Concurrency and Node

7 Dec 2016 Andrew Rademacher

Example code can be found here.

When Node.JS first came onto the scene it successfully popularized the event-loop. Ryan Dahl correctly identified a serious problem with the way that I/O is generally handled in concurrent environments. Many web servers, for example achieve concurrency by creating a new thread for every connection. In most platforms, this comes at a substantial cost. The default stack size in Java is 512KB, which means that if you have 1000 concurrent connections, your program will consume half a gigabyte of memory just for stack space. Additionally, forking threads in most systems costs an enormous amount of time, as does performing a context switch between two threads.

To address these issues, Node.JS uses a single thread with an event-loop. In this way, Node can handle 1000s of concurrent connections without any of the traditional detriments associated with threads. There is essentially no memory overhead per-connection, and there is no context switching.

When compared to traditional threading architectures, this is exactly the right approach to handling concurrency. In fact, Erlang's OTP libraries function in a very similar way. Each actor has a queue of messages, and only processes a single message at a time. Only after fully processing one message does it move on to the next.

However, this programming model imposes some extreme costs when it comes to the legibility of code. Consider the following two examples.

var request = require('request');

request('http://example.com/random-number', function (error, response, body) {
  if (!error && response.statusCode === 200) {
    console.log(JSON.parse(body));
  }
});
var request = require('request');

var response = request('http://example.com/random-number');

if (response.statusCode === 200) {
  console.log(JSON.parse(response.body));
}

In the first example we see what an HTTP request would typically look like in Node. In the second we see what it could be like if Node had threads.

As a direct result of the event-loop, we have lost the ability to express a program as a linear series of steps. Which becomes even more important were we to need to make many I/O calls in the same function.

request('http://example.com/random-number', function(error, response1, body) {
  request('http://example.com/random-number', function(error, response2, body) {
    request('http://example.com/random-number', function(error, response3, body) {
        ...
    });
  });
});

versus:

var response1 = request('http://example.com/random-number');
var response2 = request('http://example.com/random-number');
var response3 = request('http://example.com/random-number');

Which leads to the 'callback hell' that we all know and hate.
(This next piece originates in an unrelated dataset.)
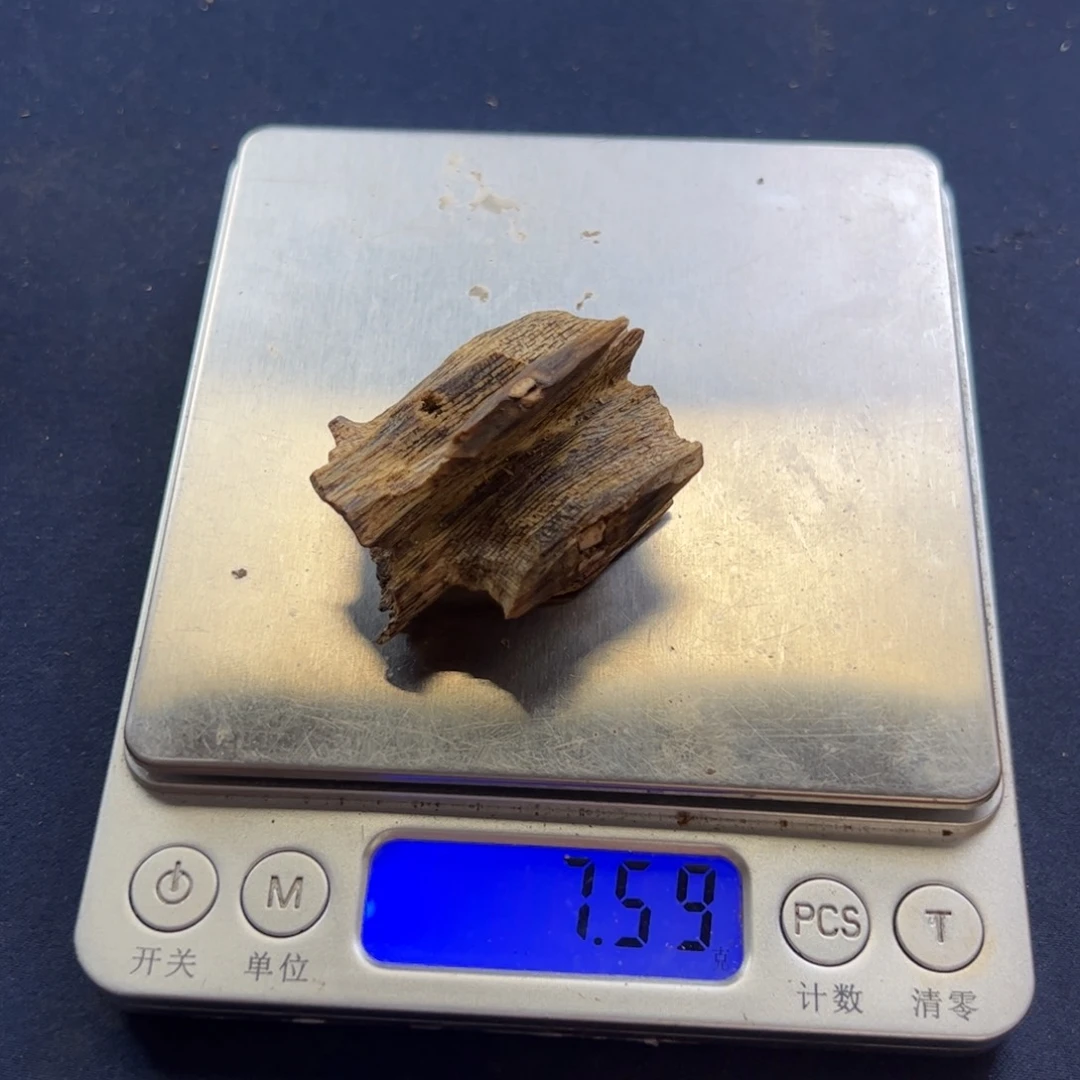 沉香沉香碎屑醇化4年老白棋沉香7.59克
Part of the bill-of-goods we accept when using Node is that in exchange for better time and space characteristics, we lose the thread as an abstraction.

What is the value of a thread

It is important to keep in mind that a thread isn't just a primitive for dealing with concurrency. It is also a powerful abstraction to make the existence of latency invisible to the developer.
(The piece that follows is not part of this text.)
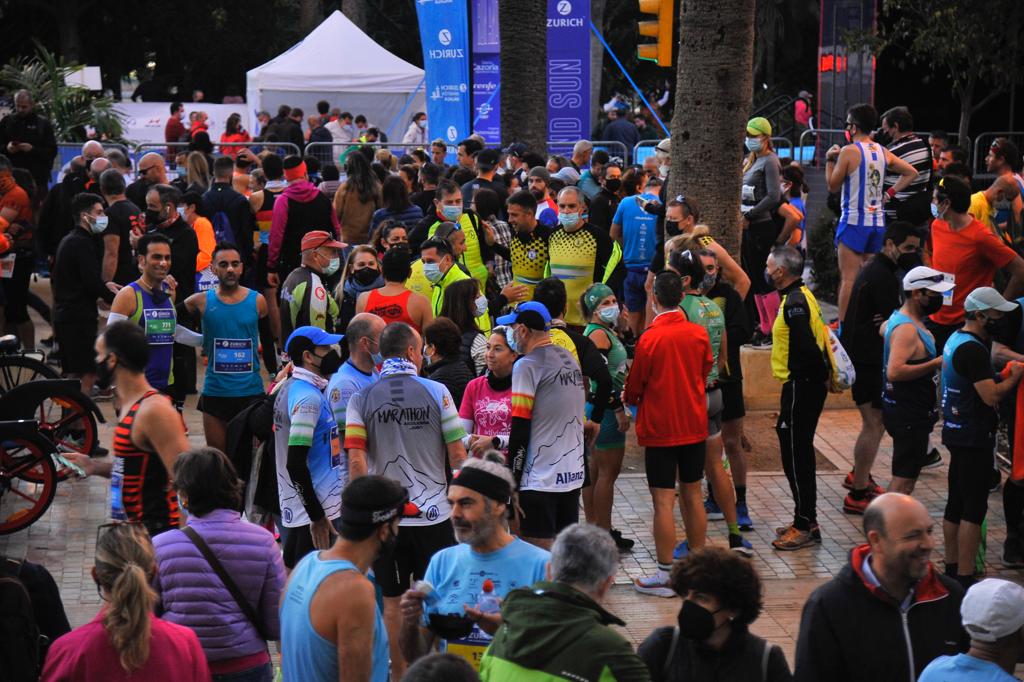 Cerca de 9.000 corredores participan en esta prueba que incluye también una media maratón, con 4.700 atletas más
{-# LANGUAGE OverloadedStrings #-}

import Data.Aeson
import Network.HTTP.Simple
import Network.HTTP.Types.Status

main :: IO ()
main = do
  res <- httpJSON "http://httpbin.org/get"
  if getResponseStatus res == status200
    then print $ (getResponseBody res :: Value)
    else error $ show $ getResponseStatus res

Looking at the code above we notice a characteristic difference about it when compared to the asynchronous JavaScript examples above. There are no callbacks. When we say response <- get ..., the program will halt until we get a response back from the server. We have written a piece of code that is linear, from step-to-step, and the underlying system knows that the server on the other end will take time to respond and handles it accordingly.
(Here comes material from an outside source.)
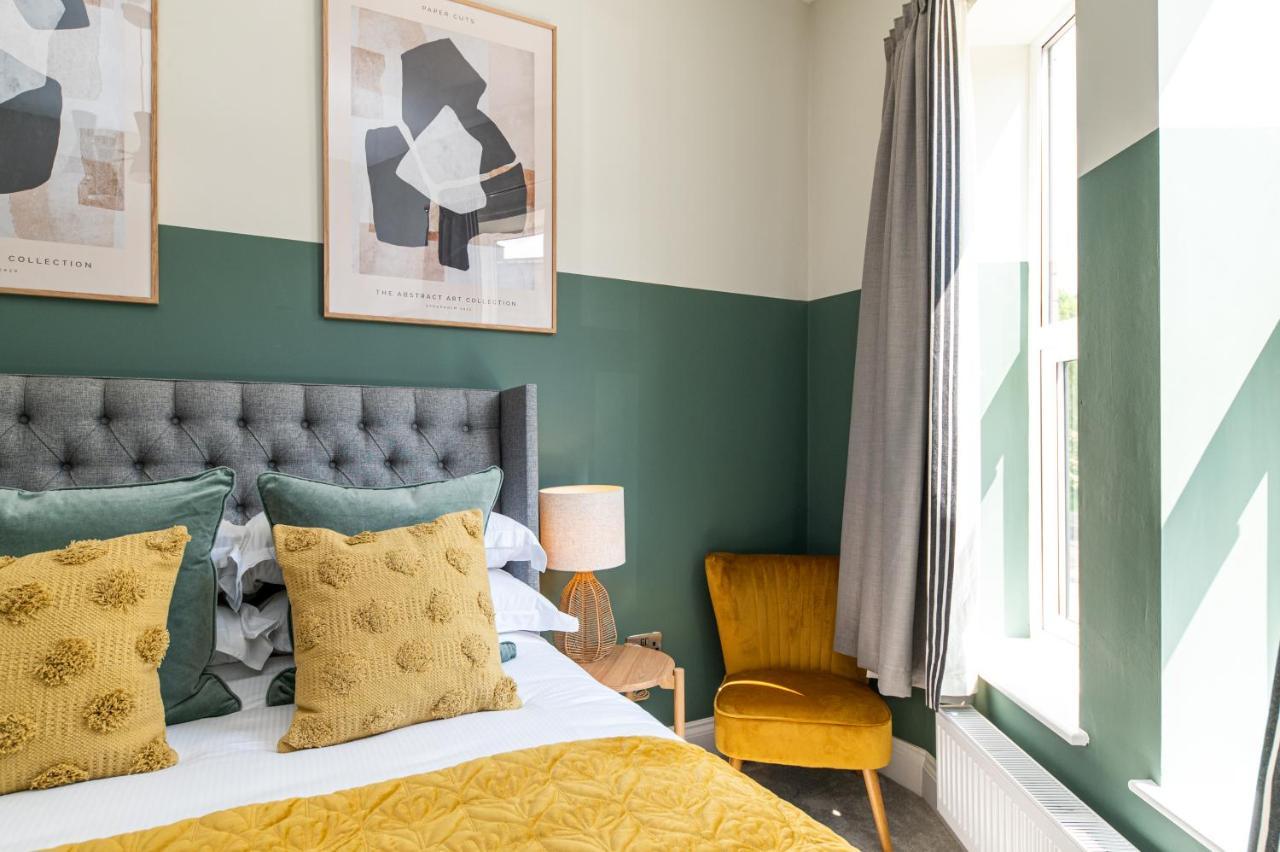Chelmsford Lofts - High-Spec Luxury Apartments Jesmond Luaran gambar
This is possible because a thread keeps track of the state belonging to an ongoing computation. By tracking that state, a thread can halt and resume a computation arbitrarily. In the event of I/O, a thread will halt a computation while the I/O is occurring, and only resume when a response comes back. Giving your program the appearance of having no delay.

A thread, therefore, is both a way of running multiple computations concurrently and also accounting for the asynchronous nature of I/O. By not exposing this abstraction to the developer, two huge drawbacks exist in Node as a concurrency-oriented platform.

In Node.JS concurrency can only occur when adjacent to I/O

Node.JS only exposes one primary thread to a program. While it may spawn new threads under the hood to deal with input buffers, you don't have any control over them. As a result, you cannot write a program that takes advantage of multiple cores in a machine. The result is that your program will only be able to perform two actions concurrently if at least one of them is bounded by I/O.

To demonstrate, we have setup an example that you can download alongside this article. It is linked to at the top of the article. Once you have downloaded the example, look in the README.md for the "Local vs. Remote Test" instructions.

We start by defining a web server that supports a slow operation. In our case, generating Fibonacci numbers by the most naive implementation. Then we define two tests in Node.JS and two tests in Haskell. Using each language's native async libraries to attempt to acquire multiple Fibonacci numbers concurrently. In each language one test times how long it takes to concurrently request two Fibonacci numbers from our web server, the other times how long it takes to do the same operation locally. All tests are also run without the async library for comparison.

Test Name Without Async Time With Async Time Async / No Async
Node - Local 6.439s 6.306s 0.979
Node - Remote 4.391s 2.500s 0.569
Haskell - Local 3.849s 2.487s 0.646
Haskell - Remote 4.117s 2.521s 0.612

Taking a look at the first row in our table, we find that Node.JS when attempting to concurrently compute two Fibonacci numbers is unable to give us any time savings in spite of the tests being run on a multi-core machine.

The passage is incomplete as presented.